プラズマ技術委員会設置趣意書
提出:桂井誠 (現)プラズマ研究専門会委員長
技術委員会の正式名称 :プラズマ技術委員会
予定される委員長名 :桂井誠(東京大学)
1.
設置の趣意
プラズマは、高温に加熱された物質が電離して生成される物質の第4状態であり、電子とイオンの集団が複雑に運動する系である。プラズマ技術の基盤となるプラズマの性質・挙動を研究することは、単に応用の拡大ばかりでなく、宇宙、天体、地球高層で起こっている物理現象を理解するためにも不可欠である。更に近年では、プラズマは単に電離気体、放電気体にとどまらず、大電流ビーム発生、荷電粒子トラップ、ダスト・粉体プラズマ結晶構造化など、電磁相互作用によって集団運動する系が広くプラズマの概念によって捉えられており、従来の枠を遥かに越えた広範な学術分野に関連する基礎的学問分野として研究が進められつつある。また、プラズマ中で起こる非線形現象を通しての準定常状態の出現は、自己組織化過程として捉えられ、宇宙の構造形成や生命体の進化にも共通する秩序形成をもたらす現象の典型である。

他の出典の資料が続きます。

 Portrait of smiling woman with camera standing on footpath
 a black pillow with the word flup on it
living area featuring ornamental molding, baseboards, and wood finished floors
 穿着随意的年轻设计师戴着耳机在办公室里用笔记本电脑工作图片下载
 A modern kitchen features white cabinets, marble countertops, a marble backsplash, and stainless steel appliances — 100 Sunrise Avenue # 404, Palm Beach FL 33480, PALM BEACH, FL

プラズマ技術は、1950年代後半まで、放電現象や天体現象などの基礎学問として捉えられてきた。また蛍光灯に代表されるような産業製品製造技術の基盤として現在の工学において重要な分野として捕らえられてきた。さらに制御核融合エネルギー開発の研究が国際的な枠組で始動して以後、その基礎分野としてさらなる発展がみられ、特に核融合研究が大型プロジェクトに進展するにともなって分野の拡大がみられた。一方、基礎学術として大学の教育・研究において、自然科学としての新たなパラダイムの確立、またプラズマプロセッシング,プラズマ化学など、高度産業技術への新たな応用の開拓の基盤としての発展にも期待が寄せられるようになった。このような学界の情勢と機運は、我が国に限らず国際的に共通のものであり、プラズマ理工学は今、一つの拡張期を迎えているといえる。

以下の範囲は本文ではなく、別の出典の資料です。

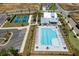 Aerial view of the swimming pool, tennis courts, clubhouse, and parking area in the community at 5360 Memento Trce, Cumming, GA 30040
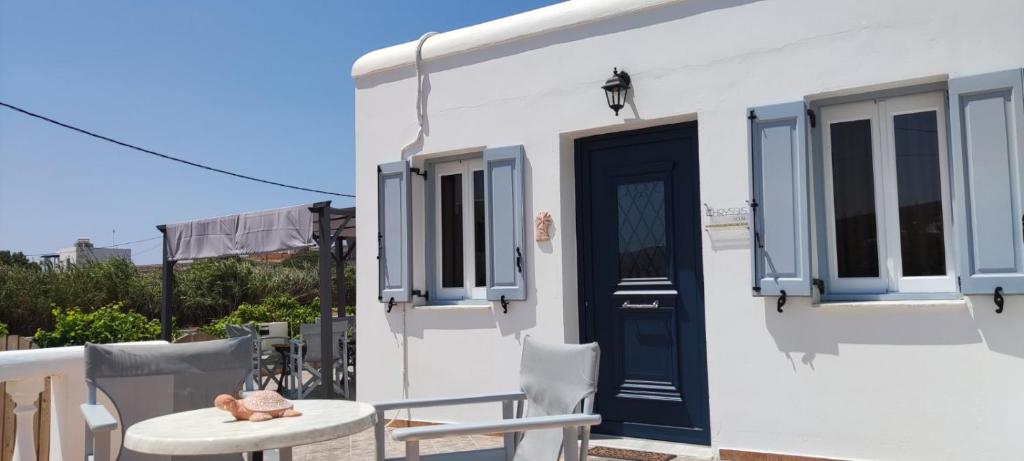 ein weißes Haus mit einer blauen Tür und einem Tisch in der Unterkunft Chrysiis House 1 in Maltezana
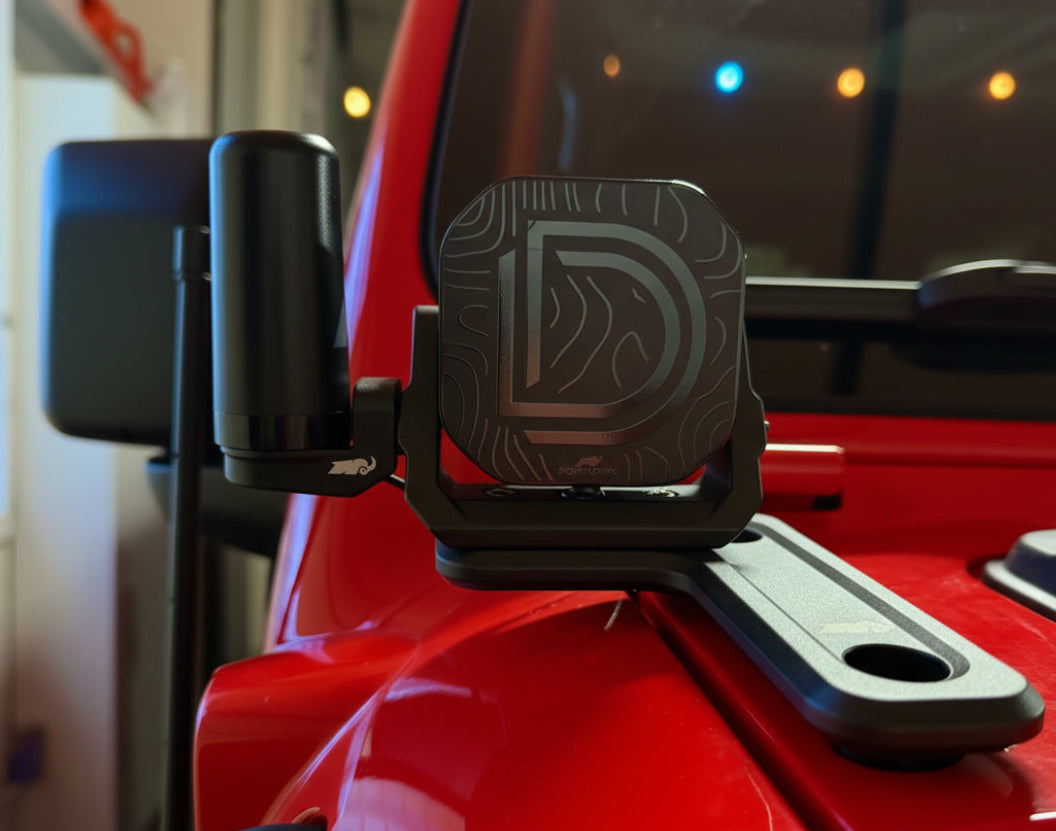 Off road light with black cover and antenna, on a red vehicle.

プラズマ技術の発展は産業分野において特に期待が大きい。特に、近年地球規模で問題にされている環境汚染物質の除去および制御にプラズマ技術の適用が期待され始めている。帯電したマクロな粒子集団であるダストプラズマとか粉体プラズマは、あらたな産業技術として基礎研究が開始されている。プラズマと生物との関わりについても興味ある現象が多々ある。
核融合エネルギー開発を目的とした高温プラズマの発生・閉じ込め研究においては、新規な着想に基づくプラズマ生成・閉じ込め装置が多数研究されており、同時にプラズマ加熱装置(中性粒子ビーム発生装置、高周波加熱装置)、プラズマ計測器(粒子エネルギー分析器、光学計測器、ビーム計測器)など周辺機器の開発が進められて、年々その様相は変化している。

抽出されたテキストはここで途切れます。